The task:
Would you repeat the listing below exactly, with no pictures in it?

Provided data:
▼

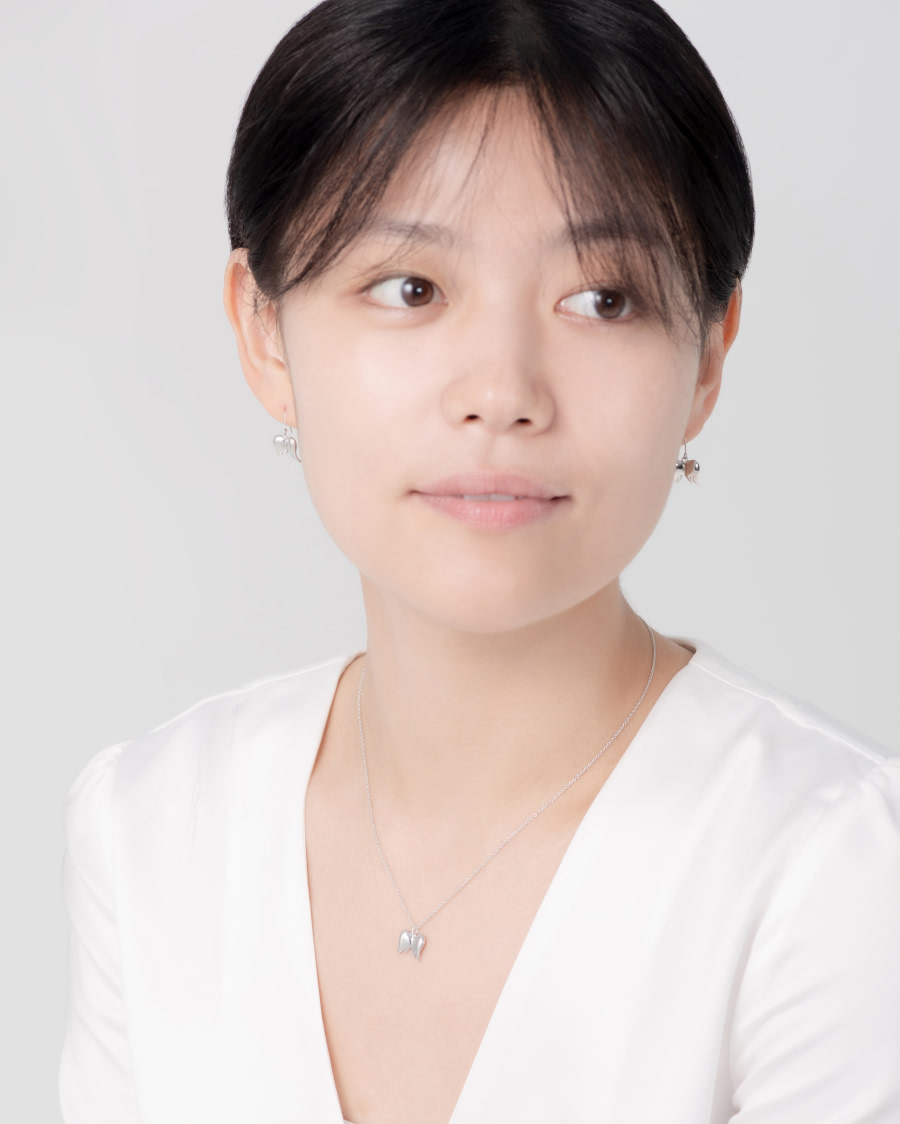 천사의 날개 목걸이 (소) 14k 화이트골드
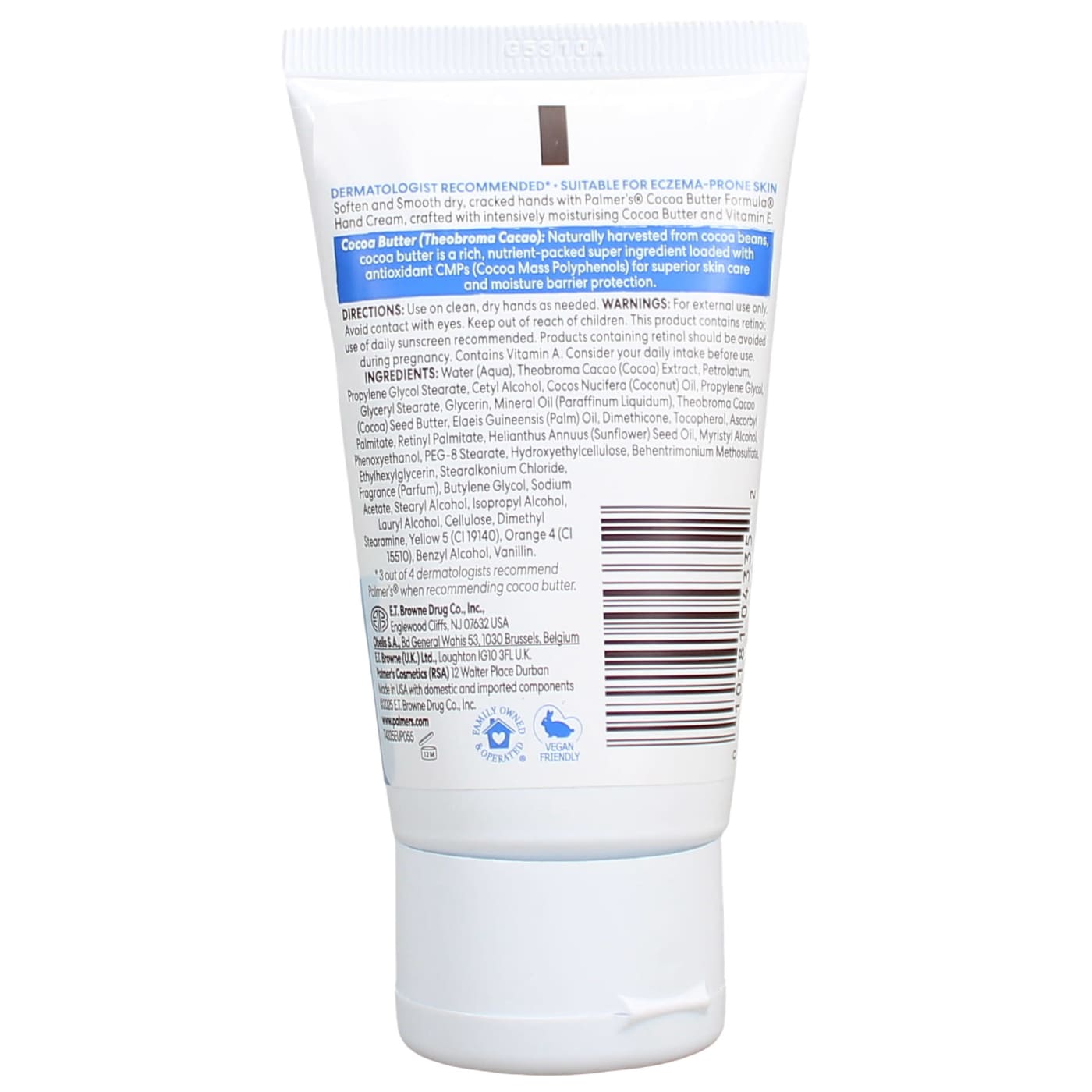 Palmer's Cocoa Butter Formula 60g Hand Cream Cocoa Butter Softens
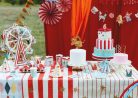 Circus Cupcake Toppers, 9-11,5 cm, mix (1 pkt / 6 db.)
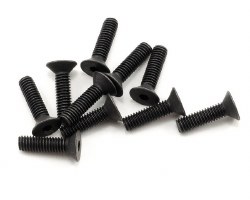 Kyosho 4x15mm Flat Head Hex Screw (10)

▲

Response for this exercise:
 천사의 날개 목걸이 (소) 14k 화이트골드
 Palmer's Cocoa Butter Formula 60g Hand Cream Cocoa Butter Softens
 Circus Cupcake Toppers, 9-11,5 cm, mix (1 pkt / 6 db.)
 Kyosho 4x15mm Flat Head Hex Screw (10)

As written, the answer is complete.